Les données historiques fournissent des renseignemens plus positifs. Elles nous permettent d’abord d’affirmer avec certitude que la formation de la baie est antérieure au XVe siècle avant notre ère. On sait que c’est à cette époque que les îles de l’archipel grec furent envahies par les Phéniciens. Ces peuples occupèrent Therasia et Santorin, comme le témoignent les nombreux monumens qu’ils y ont élevés, et dont on retrouve des ruines nombreuses. Or tous ces monumens ont été édifiés à la surface du tuf ponceux. La formation du tuf a donc précédé l’invasion phénicienne, et par conséquent elle est antérieure au XVe siècle avant l’ère chrétienne ; mais la date de cette catastrophe doit encore être plus reculée, car entre le moment de l’effondrement de la grande île et l’occupation par les Phéniciens il y avait eu dans ces mêmes lieux une colonisation entièrement différente de celle qu’ils y apportèrent. Il existe une foule de dissemblances entre leur civilisation et celle de la population qui la première est venue occuper Santorin et Therasia après la formation de la baie. Les Phéniciens connaissaient le bronze et en faisaient grand usage, tandis que les nouveaux colons de Santorin étaient encore en plein âge de la pierre.
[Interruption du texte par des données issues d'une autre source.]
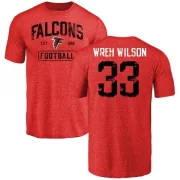 Blidi Wreh-Wilson Atlanta Falcons Distressed Name & Number Tri-Blend T-Shirt - Red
Les vases en terre cuite des deux peuples ne se ressemblaient ni par la forme, ni par l’ornementation, ni par le gisement. En un mot, après que ces îles ont eu pris la configuration qu’elles possèdent encore à peu près aujourd’hui, elles ont été habitées par une population riche, industrieuse, agricole, munie d’armes et d’instrumens exclusivement en pierre, essentiellement distincte aussi de la nation phénicienne.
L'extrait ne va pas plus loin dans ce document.